The total length of all the elements in all the arrays and the number of arrays can be computed using some very low cost calculations. But the exact number in each array is not known until some fairly expensive computation is completed.
Since I know the total length of all the elements in all the arrays, I would like to just allocate data for it using just one new/malloc and just set pointers within this allocation. In my current implementation I use memmove to move the data after a certain item is inserted and updates all pointers accordingly.
Is there a better way of doing this?
Thanks,
Sid
It's not clear what you mean by better way. If you are looking for something that works faster and can afford some extra memory then you can keep two arrays, one with data, and the other one with the index of the array it belongs. After you added all the data, you can sort by the index and you have all your data split by arrays, finally you sweep the arrays and get the pointer to where each array belongs.
Regarding memory consumption, depending on how many arrays you have, and how big is your data, you can squeeze the index data to the last bits of your data, if you have it bounded by some number. This way, you only need to sort the numbers, and when you are sweeping retrieving the pointer where each array begins, you can clean the top bits.
Since I know the total length of all the elements in all the arrays, I would like to just allocate data for it using just one new/malloc and just set pointers within this allocation.
You can use one large vector.
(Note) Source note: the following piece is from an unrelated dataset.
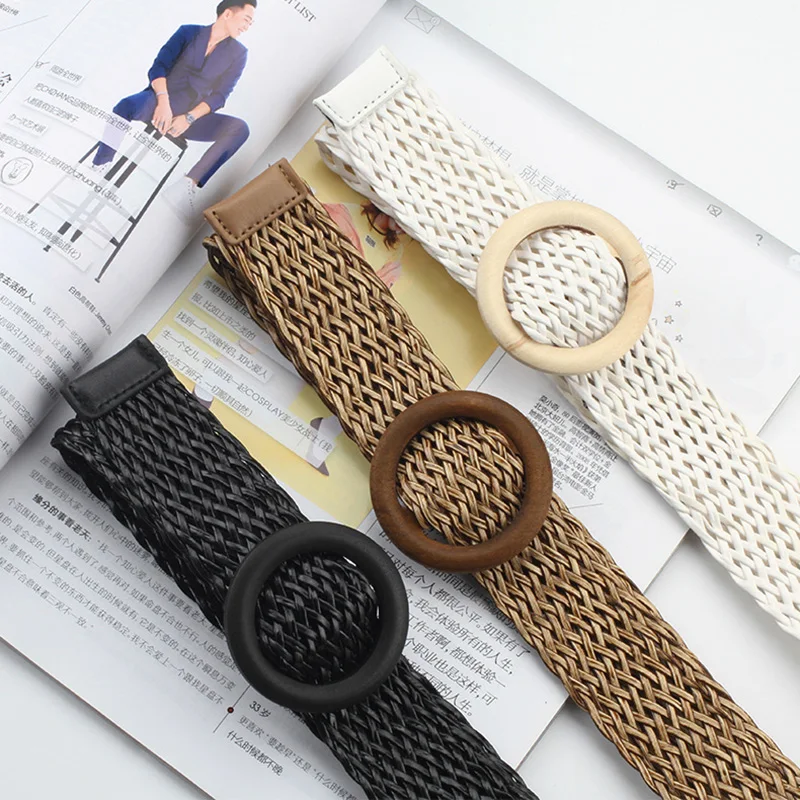 Summer Ladies Wide Braided Woven Straw Waist Belt With Round Wooden Buckle Belts For Women Dress
Summer Ladies Wide Braided Woven Straw Waist Belt With Round Wooden Buckle Belts For Women Dress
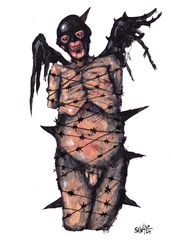 Mr. BDSM angel. Nude Erotic NSFW Zombie painting original art, Horror Dark art creepy Art. Acrylic, paper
You'll need to manually calculate the offset of each sub-array yourself.
vectors guarantee that their data is stored in contiguous memory, but be careful of maintaining references or pointers to individual elements if the vector is used in such a way that may make it reallocate. Shouldn't be a problem since you're not adding anything beyond the initial size.
int main() {
std::vector<T> vec;
vec.reserve(calc_total_size());
// now you'll need to manually translate the offset of
// a given "array" and then add the offset of the element to that
T someElem = vec[array_offset + element_offset];
}
Yes, there is a better way:
std::vector<std::vector<Item>> array;
array.resize(cheap_calc());
for(int i = 0; i < array.size(); ++i) {
array[i].resize(expensive_calc(i));
for(int j = 0; j < array[i].size(); j++) {
array[i][j] = Item(some_other_calc());
}
}
No pointers, no muss, no fuss.
Are you looking for memory efficiency, speed efficiency, or simplicity?
You can always write or download a dead-simple pool allocator, then pass that as the allocator to the appropriate data structures. Because you know the total size in advance, and never need to resize vectors or add new ones, this can be even simpler than a typical pool allocator. Just malloc all of the storage in one big block, and keep a single pointer to the next block. To allocate n bytes, T *ret = nextBlock; nextBlock += n; return ret;. If your objects are trivial and don't need destruction, you can even just do one big free at the end.
This means you can use any data structure you want, or compare and contrast different ones. A vector of vectors? A giant vector of cells plus a vector of offsets? Something else you came up with that sounds crazy but just might work? You can compare their readability, usability, and performance without worrying about the memory allocation side of things.
(Of course if your goal is speed, packing things this way may not be the best answer. You can often gain a lot of speed by wasting a little space to improve your cache and/or page alignment. You could write a fancy allocator that, e.g., allocates vector space in a transposed way to improve the performance of your algorithm that does column-major where it should do row-major and vice-versa, but at that point, it's probably easier to tweak your algorithms than your allocator.)